Haven't casted either in a while so I don't want to mis speak but I think the clubman has a softer tip


----------



## fish bucket (Dec 5, 2002)

tried looking it up but it has been discontinued
let me ponder it

any interest in a trade?


----------



## John81 (Apr 24, 2007)

fish bucket said:


> tried looking it up but it has been discontinued
> let me ponder it
> 
> any interest in a trade?


Odm,fsc,century rods possibly 10ft-8'6"


----------



## fish bucket (Dec 5, 2002)

nothing that short
closest are a century sling shot 11'6"......2-5oz
ron arra 11'.......1-5oz
tfo 10'6"...2-6oz

could do even up for ss
either of the other 2 plus cash


----------



## John81 (Apr 24, 2007)

Gonna have to pass on those rods


----------



## fish bucket (Dec 5, 2002)

what is best you can do on rod shipped to nj


----------



## John81 (Apr 24, 2007)

fish bucket said:


> what is best you can do on rod shipped to nj


Pretty much at my rock bottom atm. If it doesn't sell I might just cut it down to 10ft


----------



## John81 (Apr 24, 2007)

Would also trade for van staal 7" pliers a 1502 rod or blank


----------



## fish bucket (Dec 5, 2002)

any interest in a bnib penn clash 6000 ?


----------



## John81 (Apr 24, 2007)

fish bucket said:


> any interest in a bnib penn clash 6000 ?


Not at this time.
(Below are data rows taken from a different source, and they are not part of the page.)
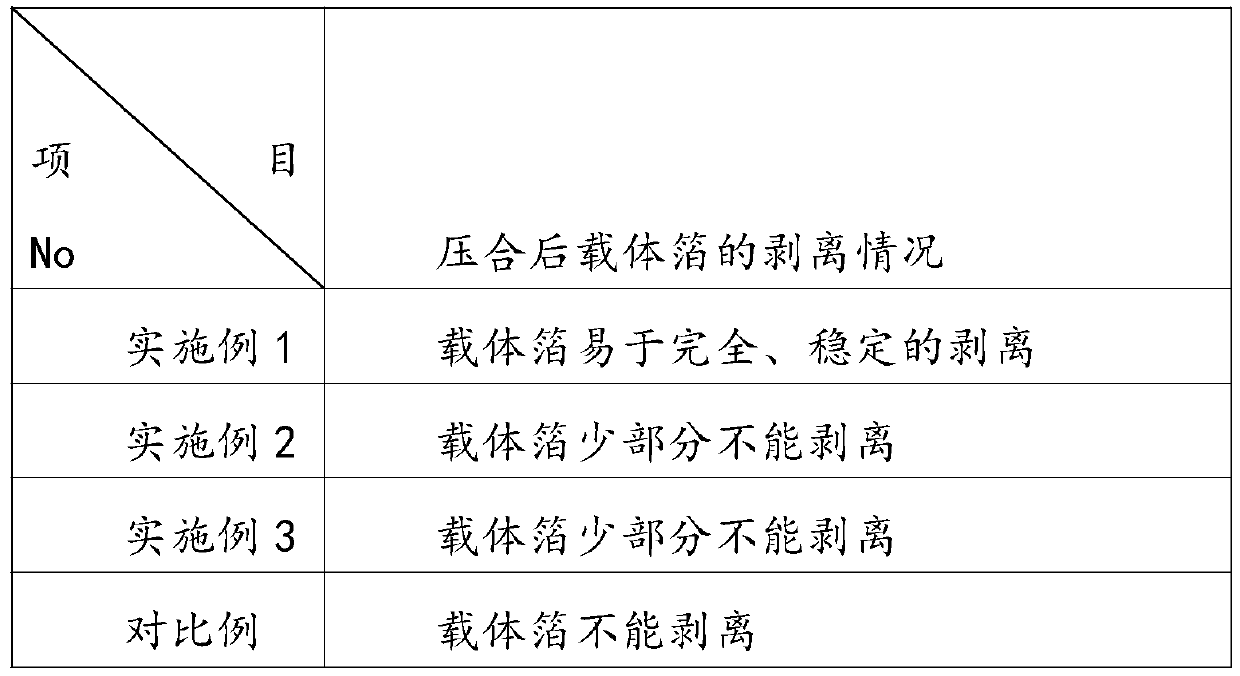 Plating solution for carrier copper foil peeling layer and preparation method of peeling layer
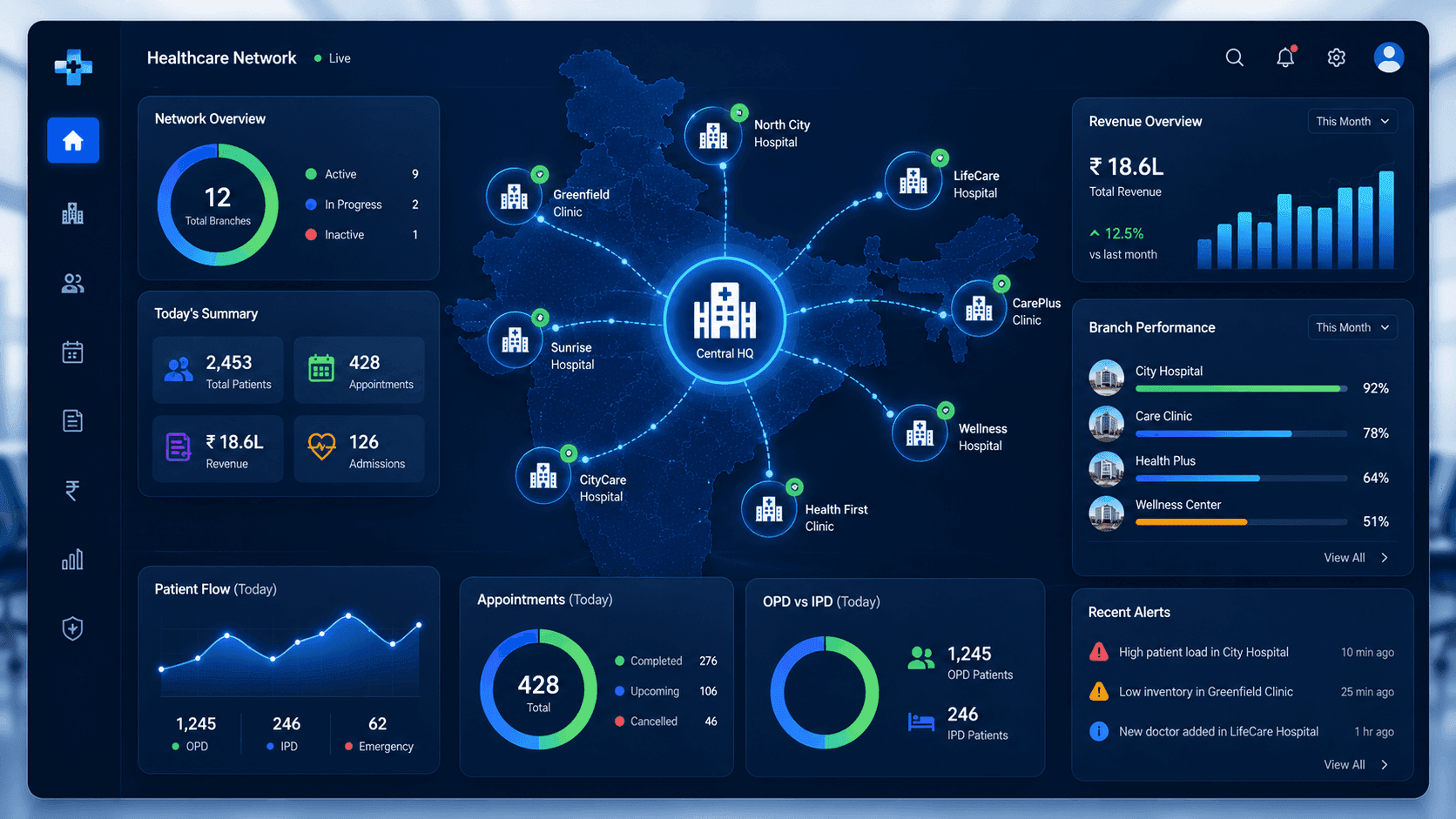 Case Study Multi-Location Hospital Management Software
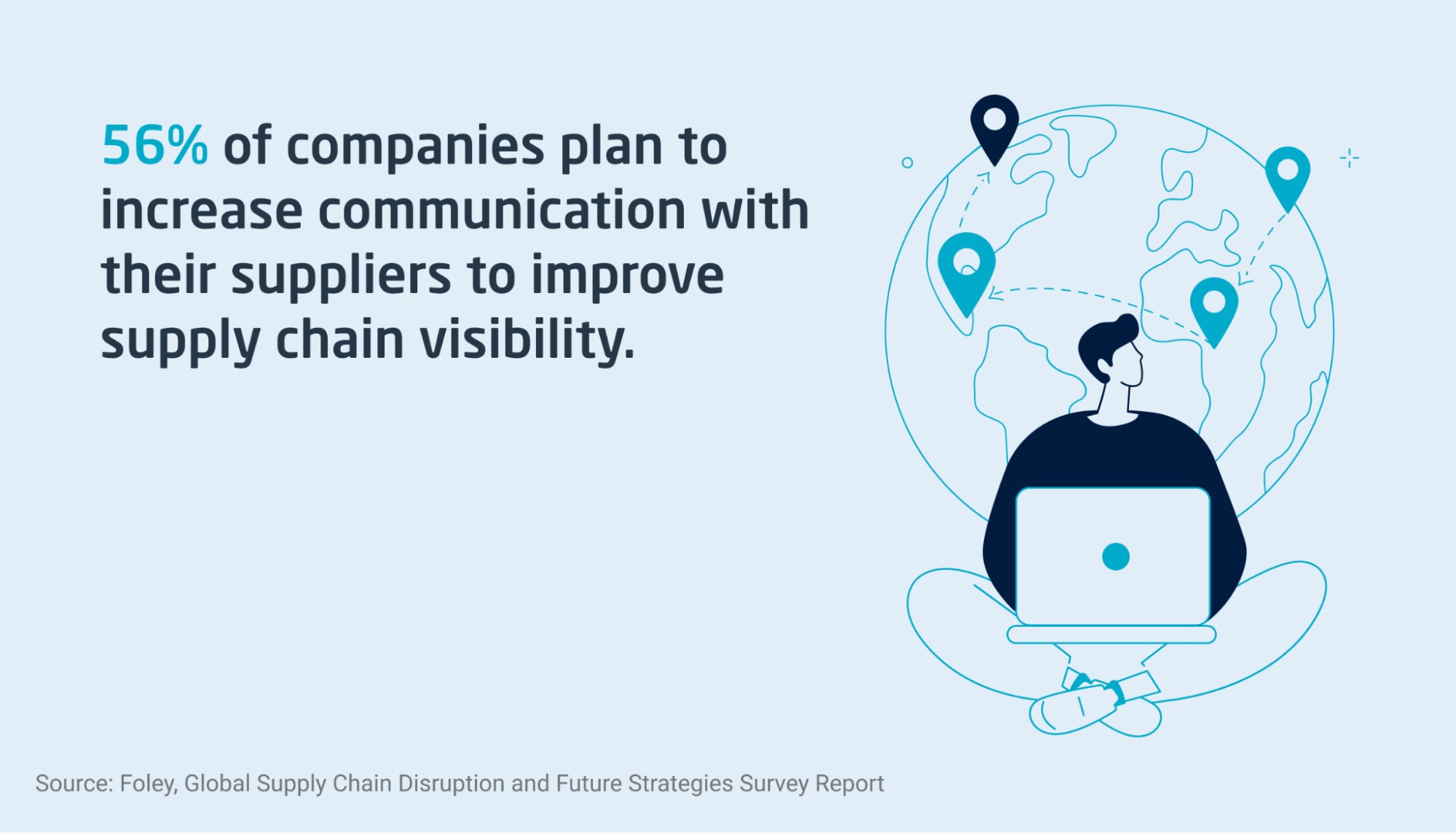  Percent of companies that plan to increase communication with their suppliers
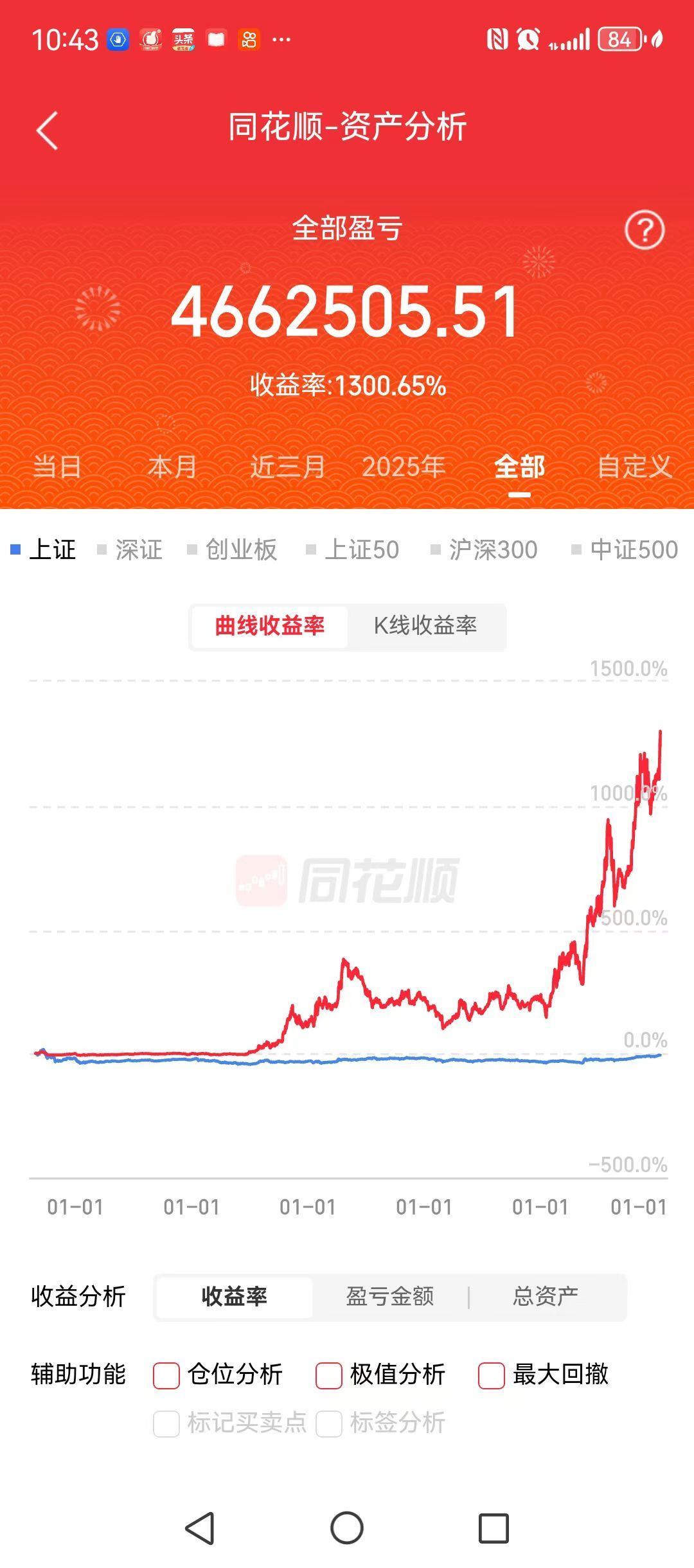19年到现在，37万的本金，1300%的收益，466万的净收益，是怎么来的？
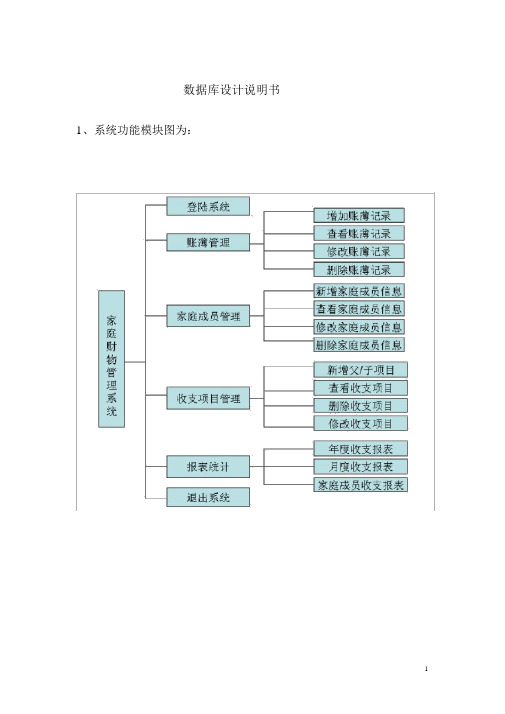 (完整版)家庭财务管理系统数据库设计说明书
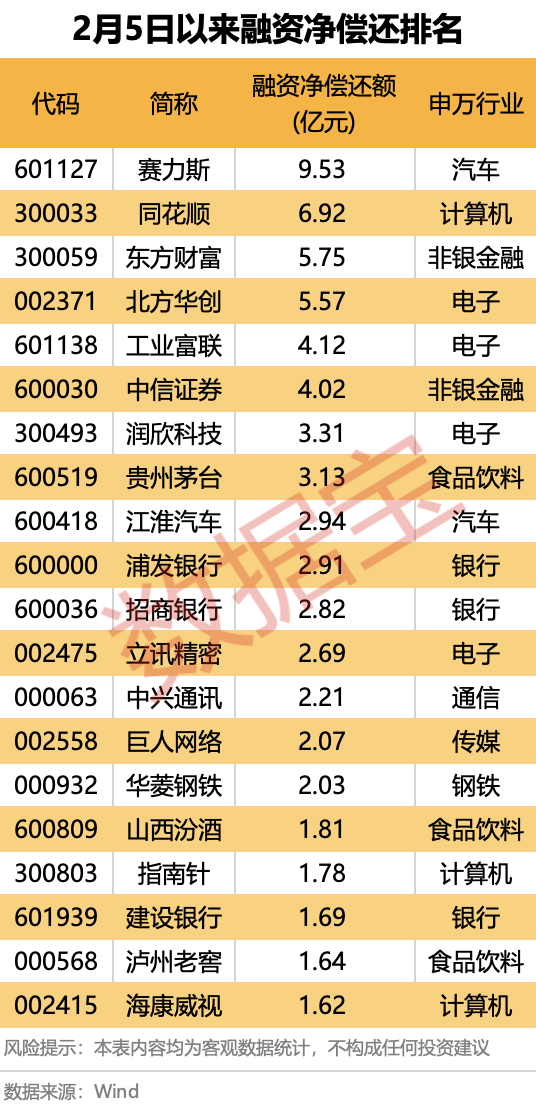 爆了，A、H股联袂大涨！融资客出手这些大牛股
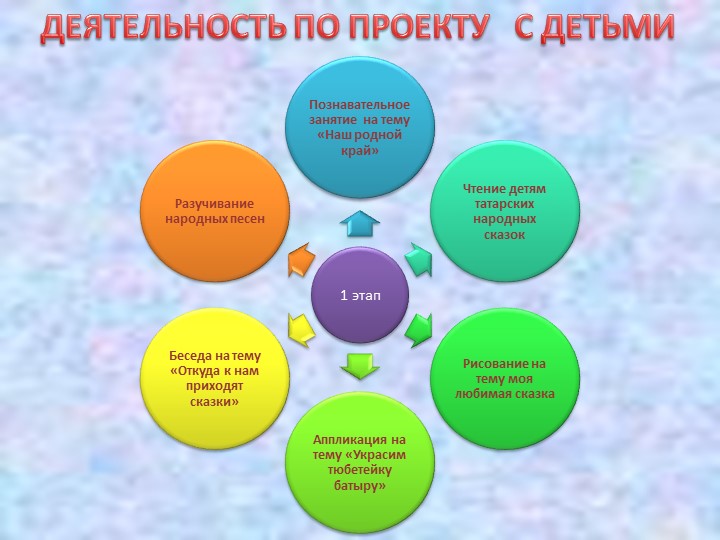 Презентация проекта "Знакомство воспитанников с литературным наследием республики Татарстан"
This might be the only time you ever see one of these for sale


----------



## fish bucket (Dec 5, 2002)

might be in the states.....seen them on the u.k. websites
had the afaw surf and this one interests me cause you say the tip is softer
if you don't get your price or trade I could offer $200 shipped

I actually broke one of the surfs trying to get it apart.......that was a bummer


----------



## John81 (Apr 24, 2007)

I'll ship for $200 + paypal fees


----------



## fish bucket (Dec 5, 2002)

so $206......correct?


----------



## John81 (Apr 24, 2007)

fish bucket said:


> so $206......correct?


$206.10 to be correct but ya that's fine I'll pm you my info


----------



## fish bucket (Dec 5, 2002)

payment sent


----------



## John81 (Apr 24, 2007)

fish bucket said:


> payment sent


Got it will ship in a day or 2


----------



## John81 (Apr 24, 2007)

Shipped expected Saturday


----------



## fish bucket (Dec 5, 2002)

thanks


----------



## fish bucket (Dec 5, 2002)

got it.......nice rod
will try it out tommorrow


----------